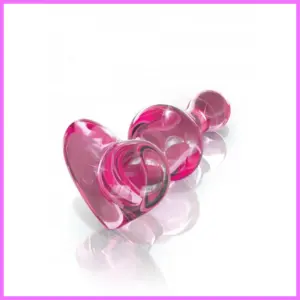 Icicles No.75 üveg plug. adultsexshop-hu 1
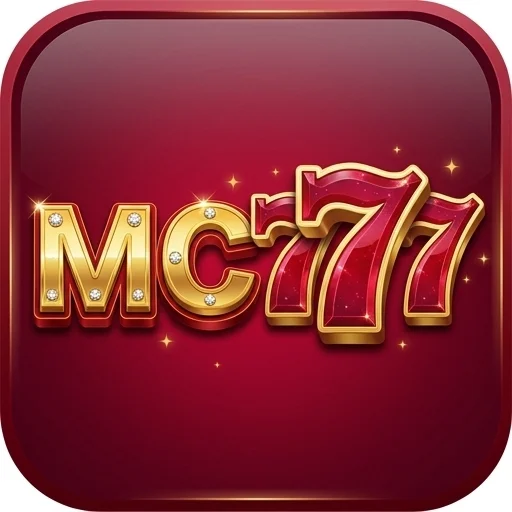 mc777 Logo - Resmi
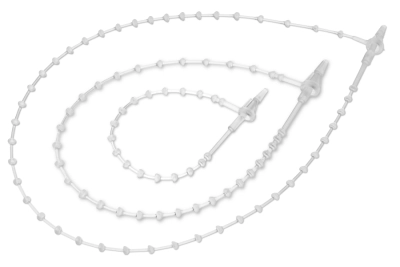 Snap-on loops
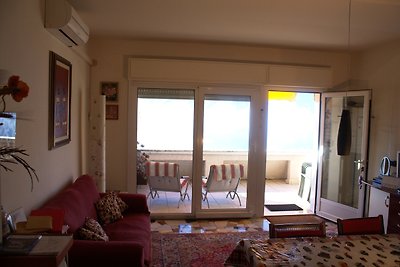 Terrazza sul Lago: Ischia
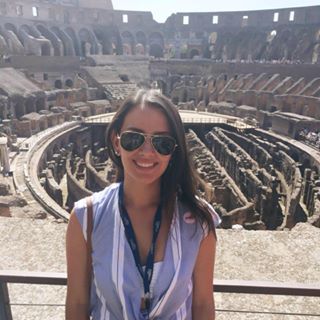 Profile Picture of Andrea Neddermann (@andrea.neddermann) on Facebook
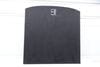 Trunk Mat / Spare Tire Cover 8V5863463E — photo 1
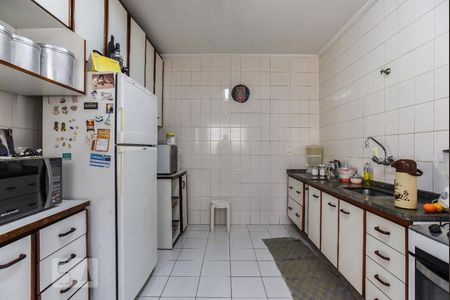 Casa à venda com 280m², 3 quartos e 3 vagasCozinha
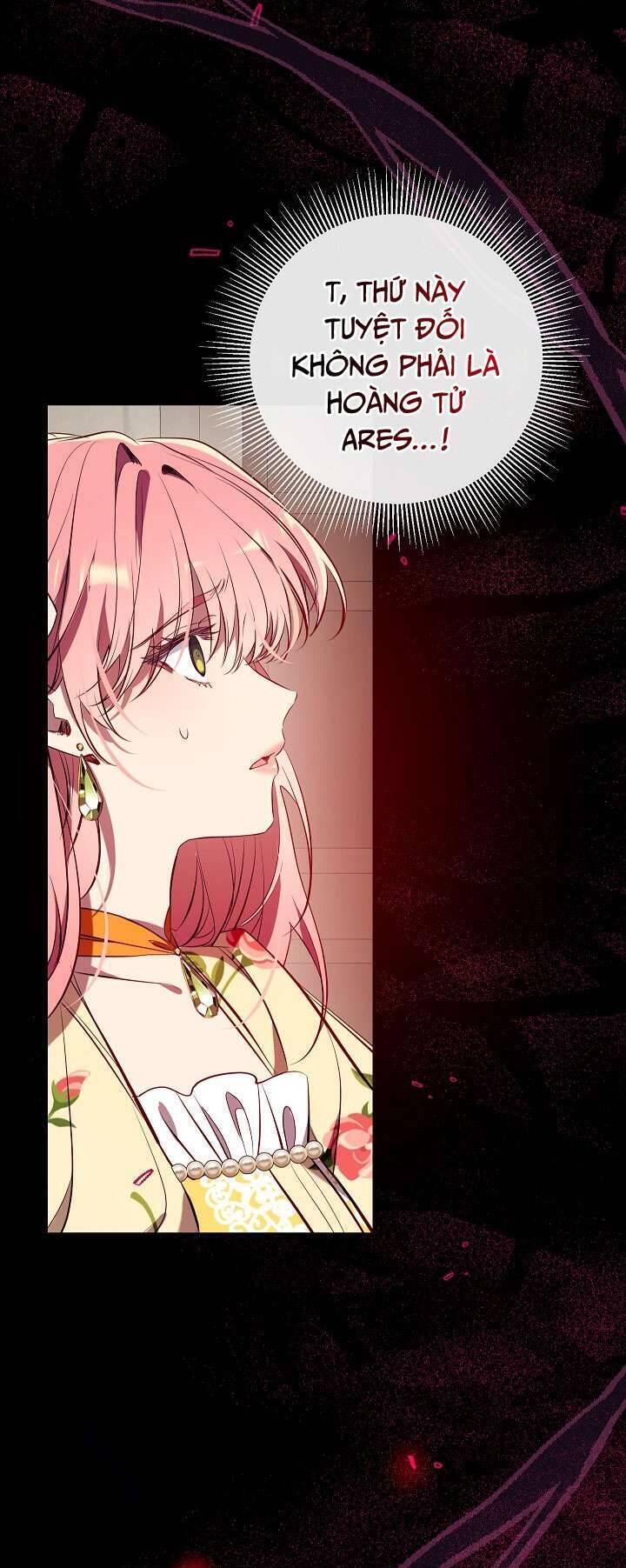 Chúng Ta Có Thể Trở Thành Người Nhà Không? Chapter 122 - Trang 2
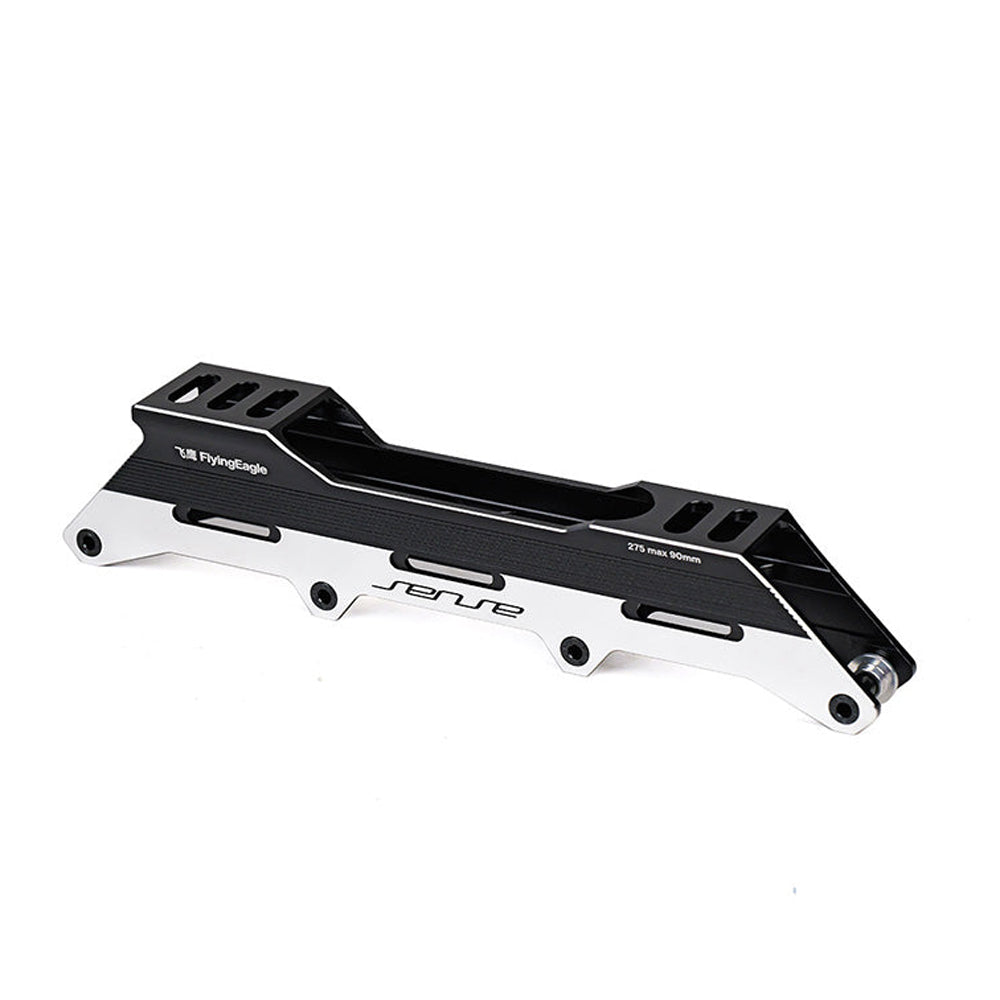 165mm Sense R90 4x90mm 273mm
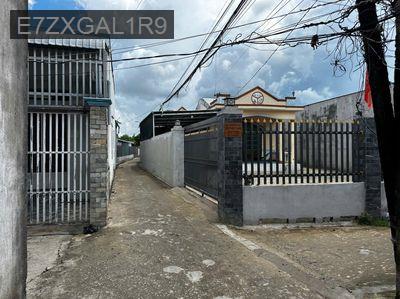 Bán NR Quốc Lộ 50, Cần Giuộc, Long An, giá tốt 9,141 tỷ, 554m2 - Thị trấn Cần Giuộc  -  Huyện Cần Giuộc 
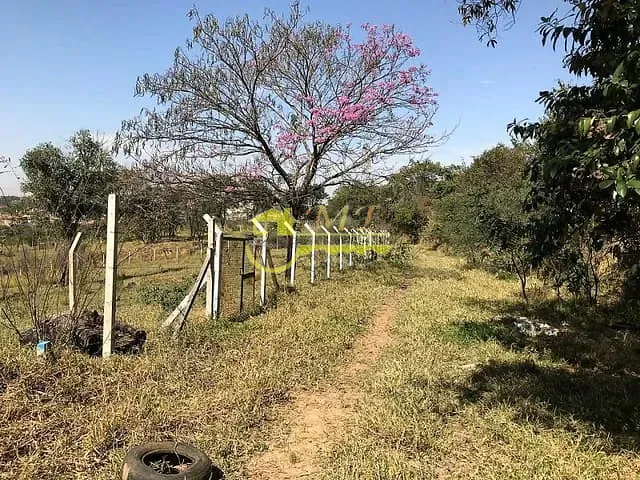 Chácara com 1452m², à venda, no bairro Chácaras Marisa em Campinas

* **Activity**
Please return the records above exactly as written, dropping every picture.

* **Exercise response**
 Icicles No.75 üveg plug. adultsexshop-hu 1
 mc777 Logo - Resmi
 Snap-on loops
 Terrazza sul Lago: Ischia
 Profile Picture of Andrea Neddermann (@andrea.neddermann) on Facebook
 Trunk Mat / Spare Tire Cover 8V5863463E — photo 1
 Casa à venda com 280m², 3 quartos e 3 vagasCozinha
 Chúng Ta Có Thể Trở Thành Người Nhà Không? Chapter 122 - Trang 2
 165mm Sense R90 4x90mm 273mm
 Bán NR Quốc Lộ 50, Cần Giuộc, Long An, giá tốt 9,141 tỷ, 554m2 - Thị trấn Cần Giuộc  -  Huyện Cần Giuộc 
 Chácara com 1452m², à venda, no bairro Chácaras Marisa em Campinas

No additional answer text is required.